This thoroughly conventional choice of someone who has never challenged the neoliberal economic policies that robbed America's working class for decades – and sent them into the welcoming arms of Donald Trump – does not bode well for a Biden presidency. The times demand a bold, progressive economic restructuring, and it is difficult to see Harris urging such action on Biden.

As I wrote last year, after the first primary debate:

Harris' debate performance showed her ability as a storyteller as well as her ability to deliver a well-rehearsed attack line, going after Biden's record on busing and making it personal: "That little girl was me." But, at the end of the debate, could anyone answer the question: Why does Harris think she should be president? Or this one: Can anyone describe with any precision where Harris would like to lead the country should she become president? All the encomiums for her debate performance had to do with style, not with policy.

She never did answer those questions, and you could not escape the conclusion that she was running for president because it was the next logical step in her career. Combined with some strategic mistakes, that lack of rationale resulted in catastrophe: she dropped out of the race before a single ballot was cast.
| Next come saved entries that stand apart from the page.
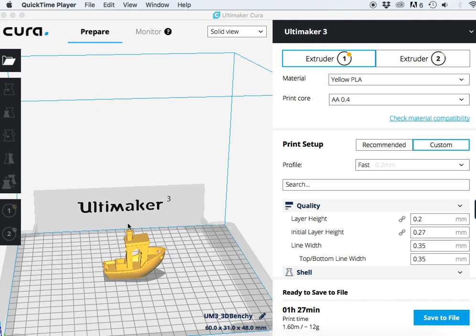The first thing to note is you have to have something actually loaded into your build area. In this case I have a benchy and we can see this is going to take about an hour and a half and it's going to use 12 grams of material.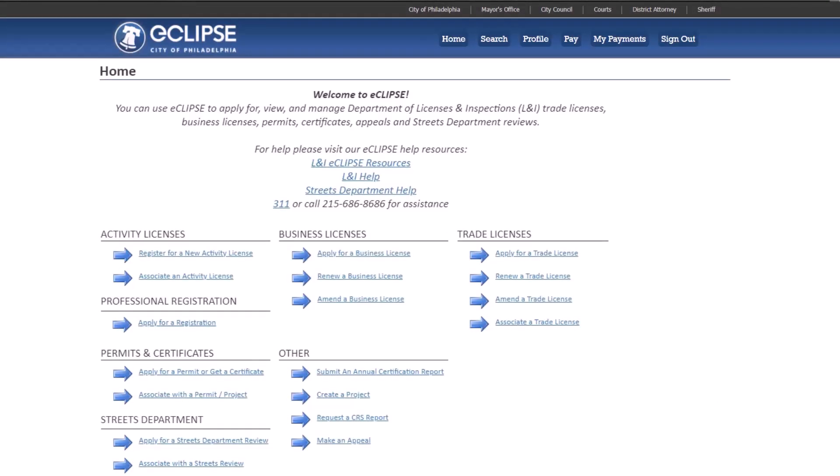Now that we've looked through a permit example, let's go back to the home page and explore the blue banner options. Clicking on the search button brings you to the search page.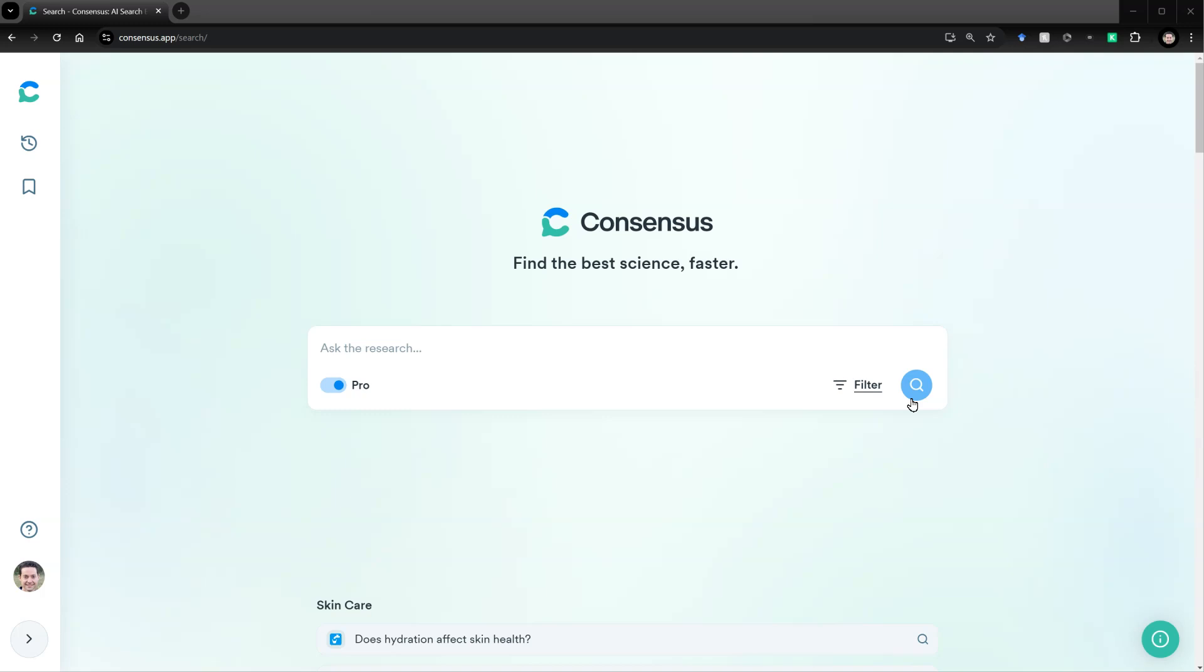Occasionally, I'll use tools like ChatGPT to help me find references, which occasionally works with the pro version. But there are now tools like Consensus that are specialized LLMs, large language models, just for literature reviews. So, I figured I'd show you. Hopefully, this will help someone's life be a little bit easier.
In addition to Harris' anemic presidential run – perhaps a point about which she and Biden could bond – there is the problem of her record and her dependence on Silicon Valley cash to fund her political career. Jesse Mechanic at Huffpost examined her failure to prosecute then-foreclosure king, now-Secretary of the Treasury Steve Mnuchin. Joel Kotkin at City Journal explained her regrettable financial ties with Silicon Valley: The single most progressive development in U.S. politics in recent years – candidates who ran campaigns with genuine grassroots fundraising and no high-dollar, special-access-for-donors fundraisers – is a development in which Harris did not participate.
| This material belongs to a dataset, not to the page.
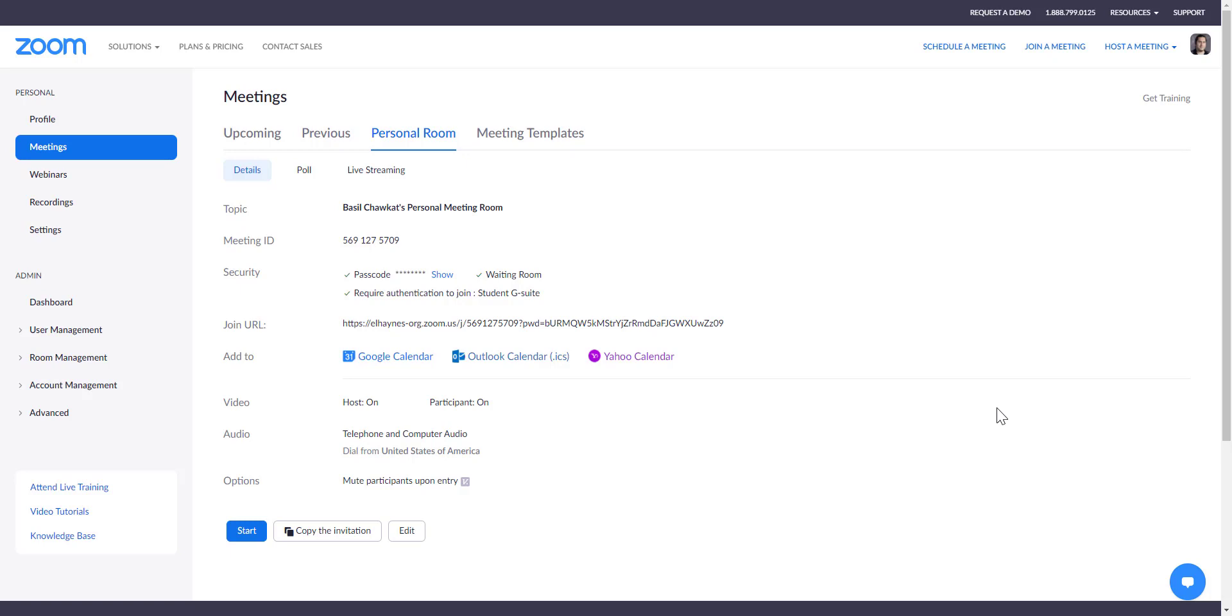It would only be that one time that you would need that external participant, so you would use only one Zoom meeting. If you decided to have a recurring external participant, then you may have to look into creating a recurring Zoom meeting that is separate from your personal meeting room.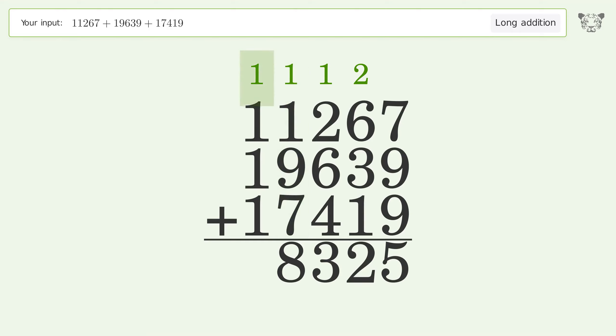1 plus 1 plus 1 plus 1 equals 4. And so the final result is 48325.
Catholics will recall, and conservatives Catholics have every right to make an issue of, Harris' bizarre comments about the Knights of Columbus. In 2018, she asked a judicial nominee, Brian Buescher, "Were you aware that the Knights of Columbus opposed a woman's right to choose when you joined the organization?"

The question is embarrassing in both its ignorance and its bigotry. Michael Gerson, arguably the most trenchant and incisive critic of President Trump, rightly compared the Harris' questions to the kind of anti-Catholic bigotry we thought was in the nation's past. Whatever difficulties I have with the leadership at the K of C, they do not excuse her dismissiveness towards a religion held by millions of fellow citizens, including her new running mate.  

 

Now for the good news: The selection of Harris as Biden's running mate may not matter. Politically, the selection of a veep candidate almost never helps, it can only hurt.
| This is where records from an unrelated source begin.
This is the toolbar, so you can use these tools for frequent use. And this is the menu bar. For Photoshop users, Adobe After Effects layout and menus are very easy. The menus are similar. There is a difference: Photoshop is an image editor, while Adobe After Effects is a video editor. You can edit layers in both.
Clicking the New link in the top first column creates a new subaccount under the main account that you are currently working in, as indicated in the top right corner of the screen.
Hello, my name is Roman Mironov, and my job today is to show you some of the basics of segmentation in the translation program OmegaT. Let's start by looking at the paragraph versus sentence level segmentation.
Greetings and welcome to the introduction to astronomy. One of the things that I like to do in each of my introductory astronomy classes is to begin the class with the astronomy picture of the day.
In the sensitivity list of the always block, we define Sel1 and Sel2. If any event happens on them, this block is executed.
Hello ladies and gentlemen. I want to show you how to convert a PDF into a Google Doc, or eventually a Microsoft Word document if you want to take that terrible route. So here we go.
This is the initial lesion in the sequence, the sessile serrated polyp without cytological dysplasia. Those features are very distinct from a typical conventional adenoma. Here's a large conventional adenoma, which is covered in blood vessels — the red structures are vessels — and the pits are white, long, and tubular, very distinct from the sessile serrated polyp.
In my lifetime, the only selection that genuinely helped a presidential candidate was Bill Clinton's choice of Al Gore as a running mate: Instead of seeking balance, Clinton reinforced his image as a new kind of Democrat — centrist, with a drawl, young — and did so at precisely the moment when Ross Perot's campaign was imploding and voters gave Clinton a second look. George McGovern's choice of Tom Eagleton, like John McCain's choice of Sarah Palin, damaged already crippled campaigns.

In most cases, the selection dominates news in a slow, August news cycle, but it doesn't change minds. This year, is there anyone who has not already made up their mind?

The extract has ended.